Is it thus with great excitement that we announce the discovery of an anonymous Chinese text on Duchamp, recently found among the papers of an old book collector whose bookshop had been bulldozed to make way for a cultural preservation project. The unnamed author of the text appears to have styled himself as a remnant subject of the last empire, or at least, a reluctant citizen of the new world. The text––if it is not spurious!––appears to take the form of a classical biographical entry, likely intended for one of many Chinese encyclopedias that was never completed. In this talk, the text will be delivered in English translation, with relevant visual annotations for the modern reader. 

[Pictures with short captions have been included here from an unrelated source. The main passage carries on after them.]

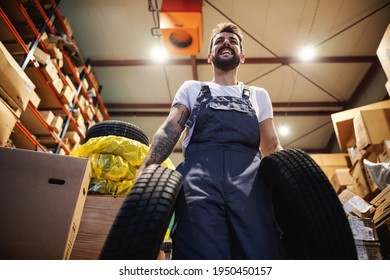 Low Angle View Of Smiling Hardworking Blue Collar Worker In Overalls Carrying Tires And Walking In Storage In Import And Export Firm.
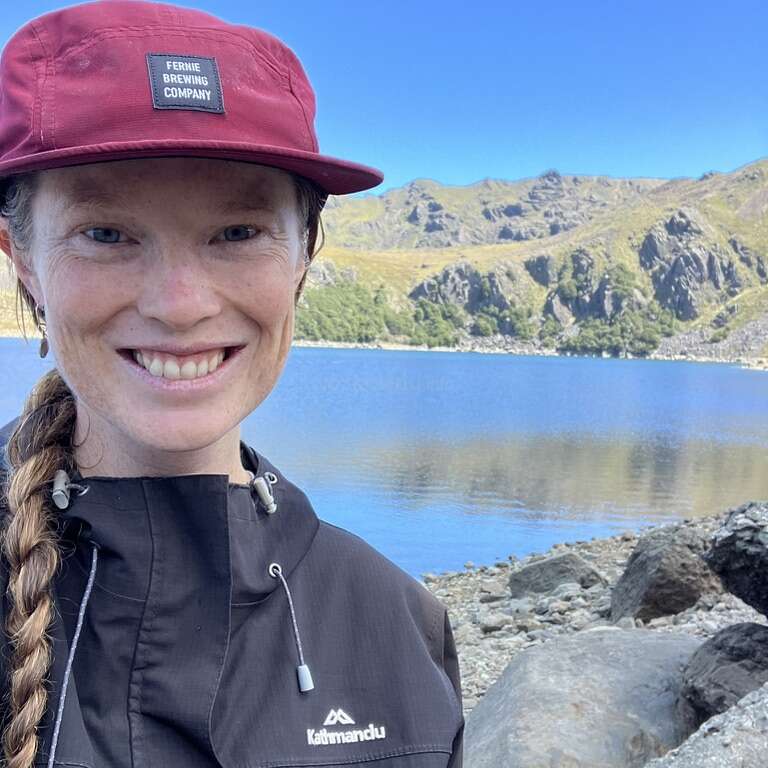 Uma mulher sorridente, usando um boné marrom e uma jaqueta preta, está à beira de um lago tranquilo, cercada por margens rochosas e montanhas verdes pitorescas, sob um céu azul claro.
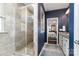 Beautiful bathroom featuring a stand up shower, stone floors, white cabinets and a granite countertop at 6187 Cloverdale Dr, Tega Cay, SC 29708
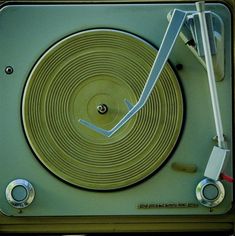 an old fashioned record player with the clock on it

Winnie Wong teaches undergraduate courses on Rhetorical Interpretation, Art and Authorship, Visual Rhetoric, Rhetoric of Performance, and Rhetorical Places, and graduate courses in the Rhetoric of the Image at the University of California, Berkeley. Topics she has taught include “Theory of the Copy,” “China in the Western Imagination,” and “The Factory (Before Marx and After Warhol).” In the Spring of 2015, she co-taught with Margaret Crawford the Global Urban Humanities research studio documented on this website: Art+Village+City in the Pearl River Delta. Work from the studio was exhibited at the Shanghai Biennale 2015 and at Wurster Hall on Berkeley campus. Prior to joining the Rhetoric department, she did her postdoctoral work as a Junior Fellow of the Harvard Society of Fellows, and obtained her PhD from the History, Theory and Criticism of Architecture and Art program at MIT.